Your assignment
The lines needed run from the one that contains "Lady Beetle Front Cover" through the end of the material below, both included; write them out exactly, with no pictures.

···

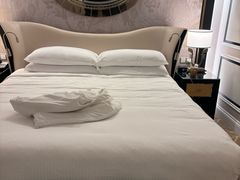 -澳门威尼斯人综合度假区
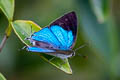 Peacock Royal Tajuria cippus cippus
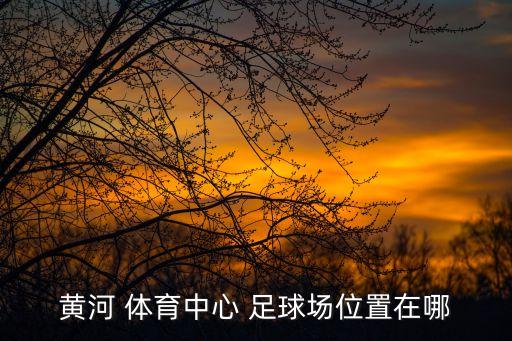 濟南體育學(xué)校兒童足球場,濟南黃河體育足球場
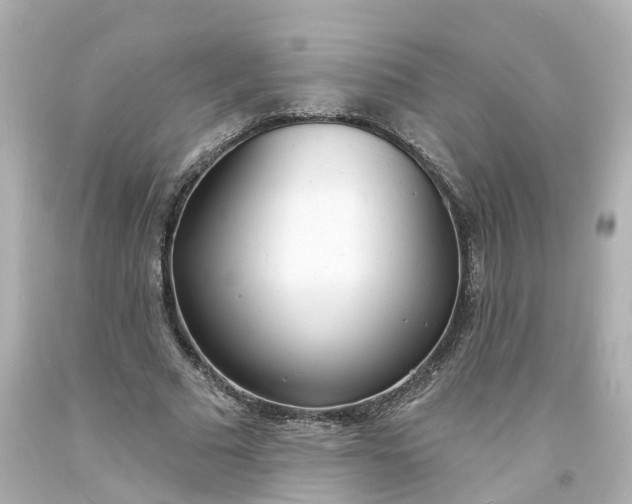 X0000093600681200710291145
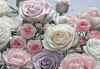 Floraison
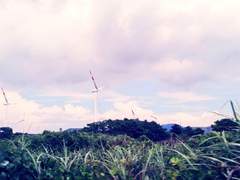 제주도, 비, 바다, 무지개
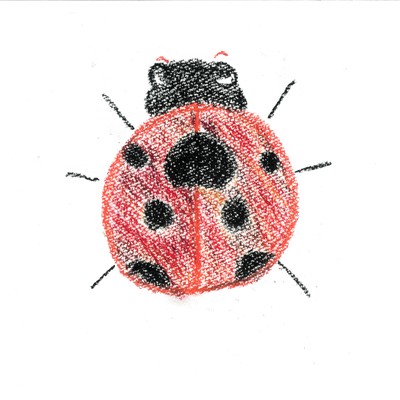 Lady Beetle Front Cover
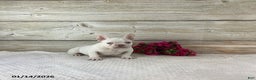 French Bulldog dogs for sale: Kody - Ad 5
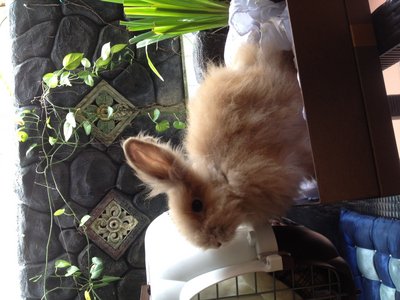 PF42522 - Angora Rabbit + Bunny Rabbit Rabbit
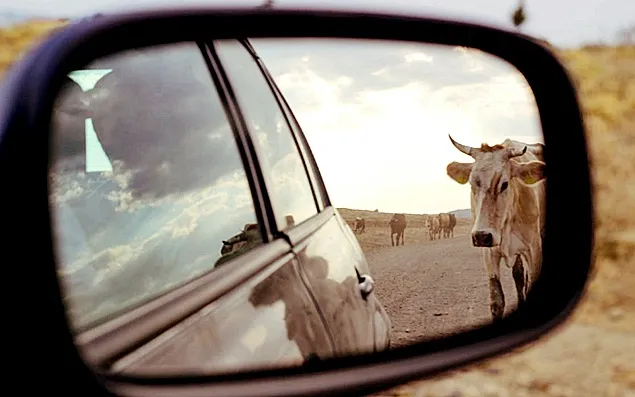 Noua strategie pentru semnarea tratatului Mercosur: Ia vaca, dă-mi mașina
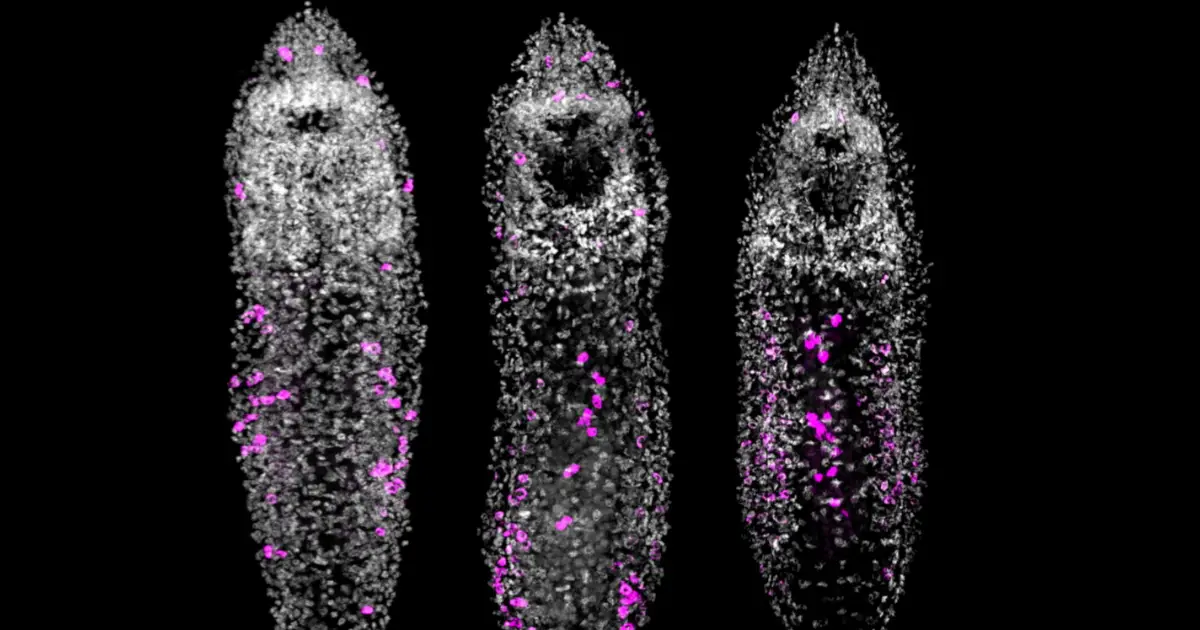 Scientists Overfed a Tiny Worm… And It Started Growing a Chain of Clones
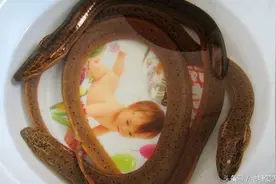 这货是蛇跟鱼杂交的产物吗？听名字就怕了图片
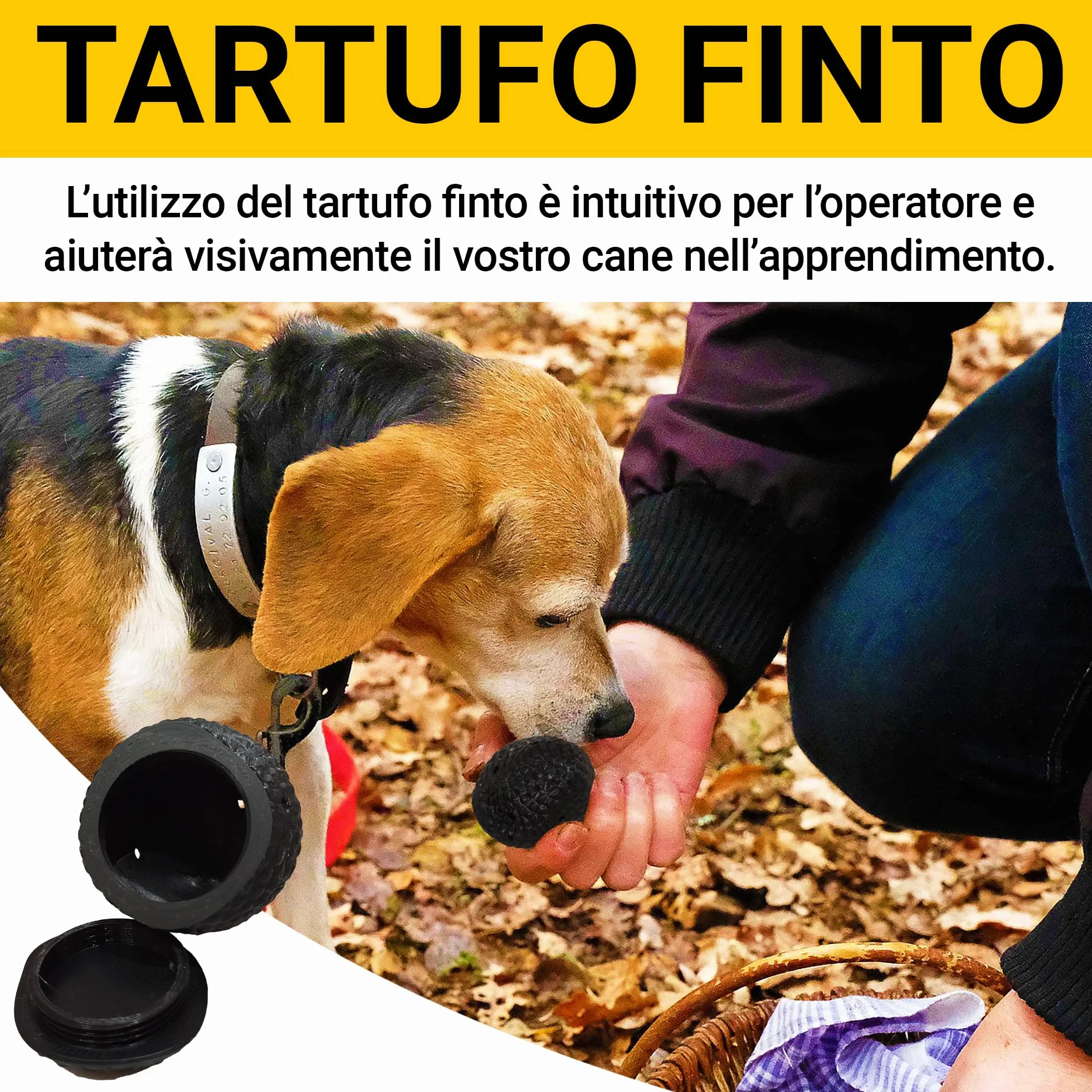 Kit Professionale con Finto Tartufo Nero Completo con Guida e Olio da addestramento Cani Tartufo addestramento Cane da Tartufo, Tartufo Sintetico ovetto per addestramento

···

Answer to the problem
 Lady Beetle Front Cover
 French Bulldog dogs for sale: Kody - Ad 5
 PF42522 - Angora Rabbit + Bunny Rabbit Rabbit
 Noua strategie pentru semnarea tratatului Mercosur: Ia vaca, dă-mi mașina
 Scientists Overfed a Tiny Worm… And It Started Growing a Chain of Clones
 这货是蛇跟鱼杂交的产物吗？听名字就怕了图片
 Kit Professionale con Finto Tartufo Nero Completo con Guida e Olio da addestramento Cani Tartufo addestramento Cane da Tartufo, Tartufo Sintetico ovetto per addestramento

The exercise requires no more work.